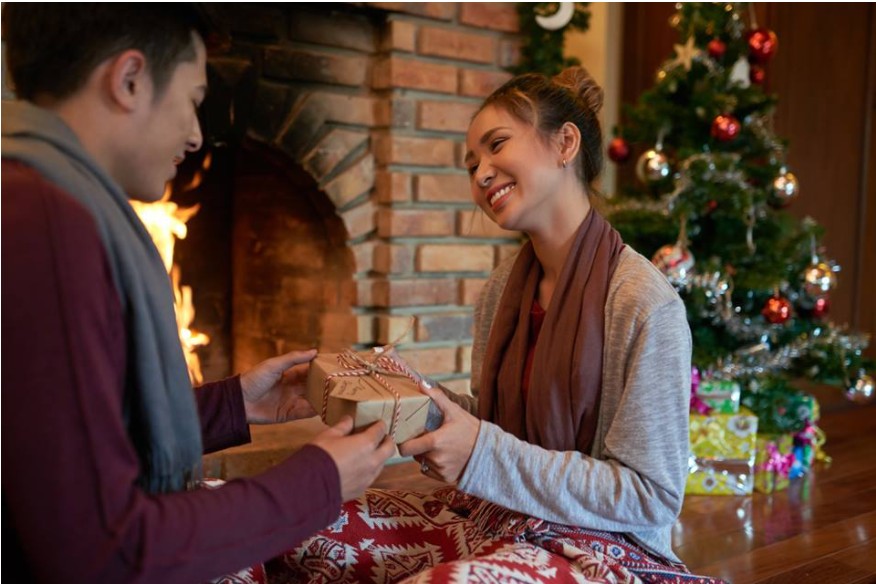 Gợi ý những món quà độc đáo nhất dành tặng người thương nhân dịp Noel Gợi ý những món quà độc đáo nhất dành tặng người thương nhân dịp Noel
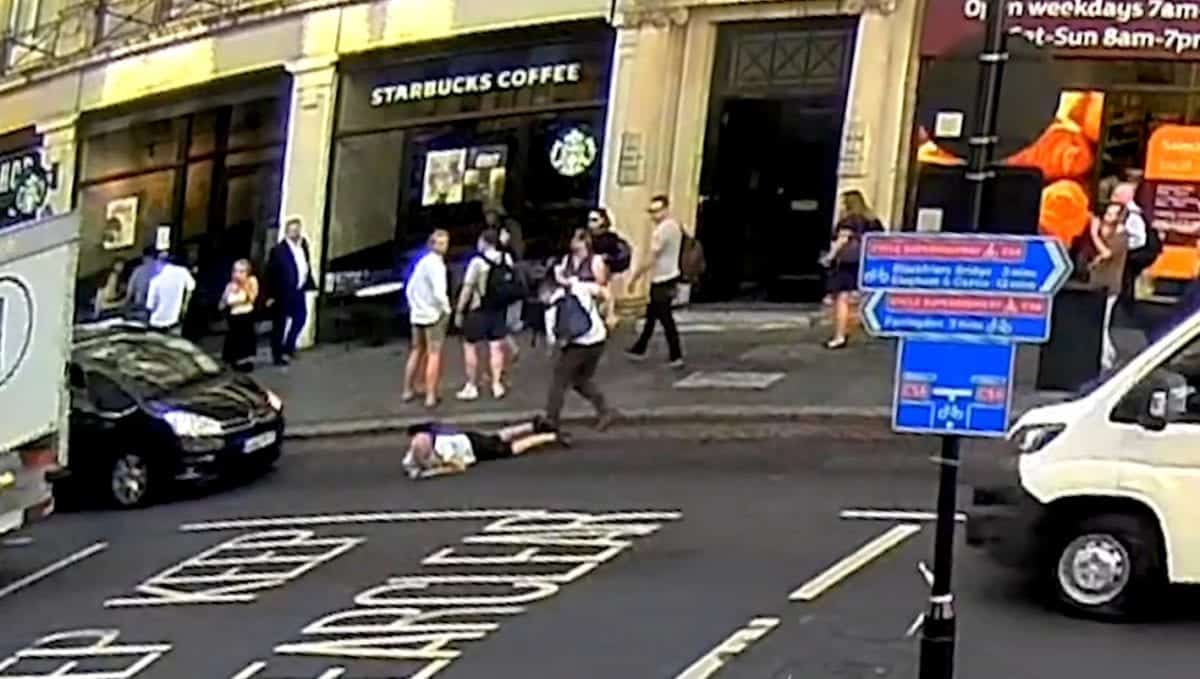 Watch – Police hunting man who almost killed pedestrian by shoving him into busy London road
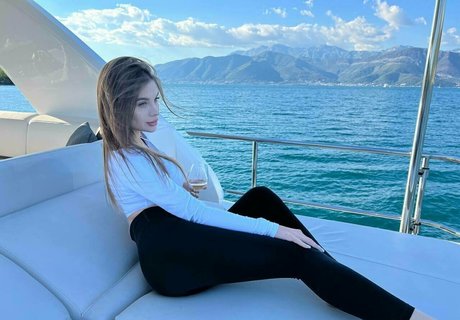 bella lla star nude archive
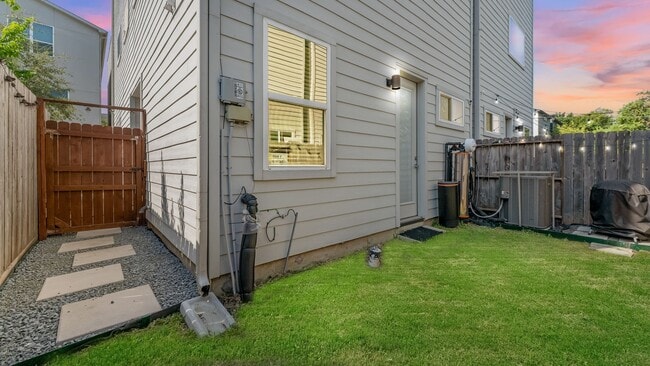 Photo - 607 Bayou St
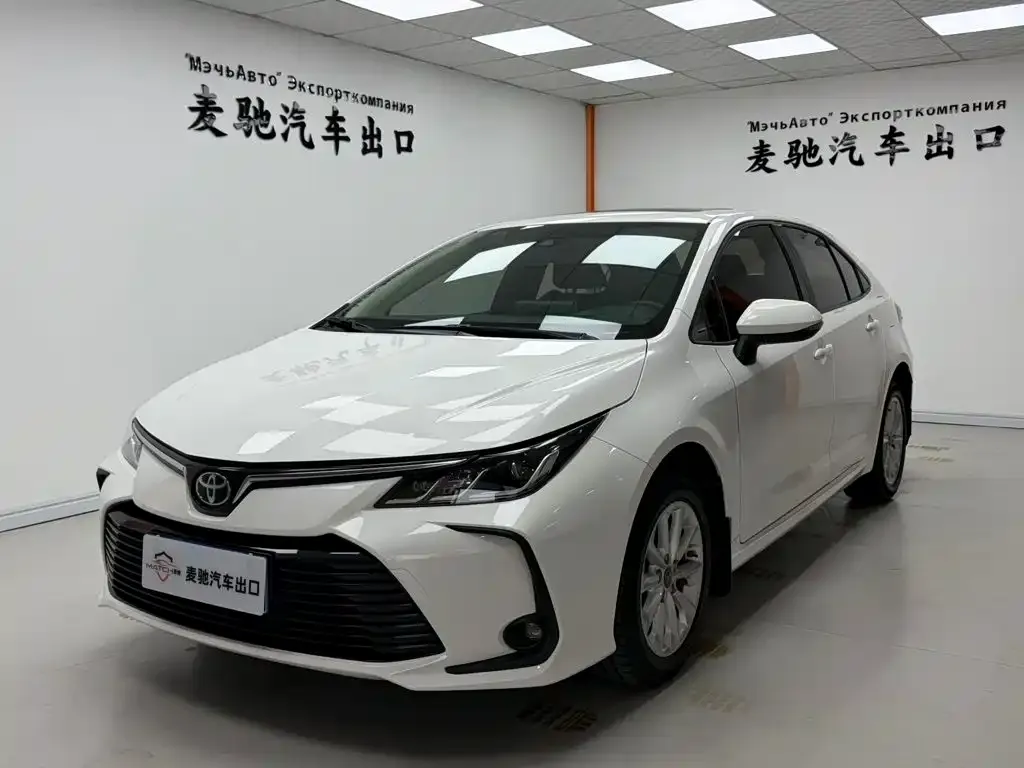 Toyota Corolla — фото 1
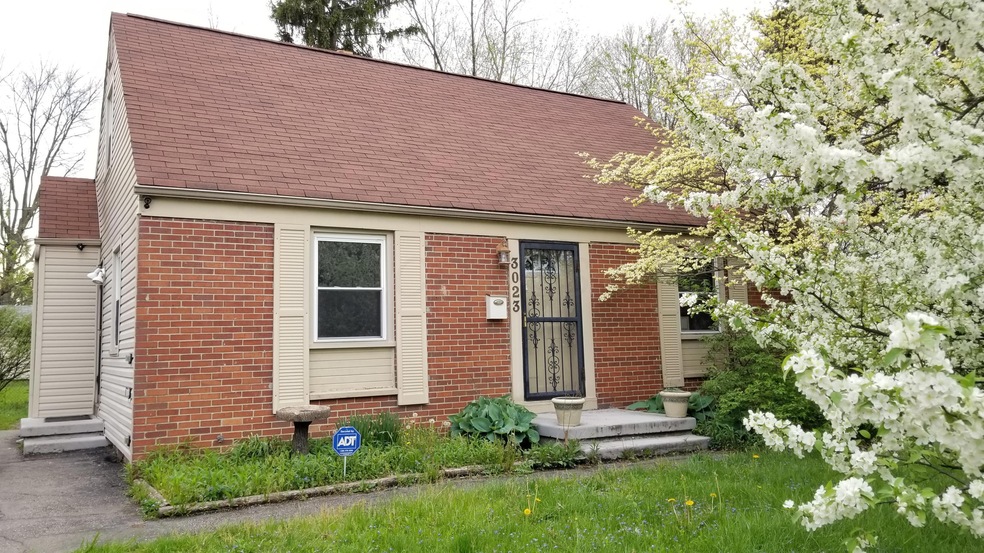 3023 hamilton ave 1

- [TASK ITEM] Output the entries exactly and keep every picture out of them.

- [ANSWER SECTION]
 Gợi ý những món quà độc đáo nhất dành tặng người thương nhân dịp Noel Gợi ý những món quà độc đáo nhất dành tặng người thương nhân dịp Noel
 Watch – Police hunting man who almost killed pedestrian by shoving him into busy London road
 bella lla star nude archive
 Photo - 607 Bayou St
 Toyota Corolla — фото 1
 3023 hamilton ave 1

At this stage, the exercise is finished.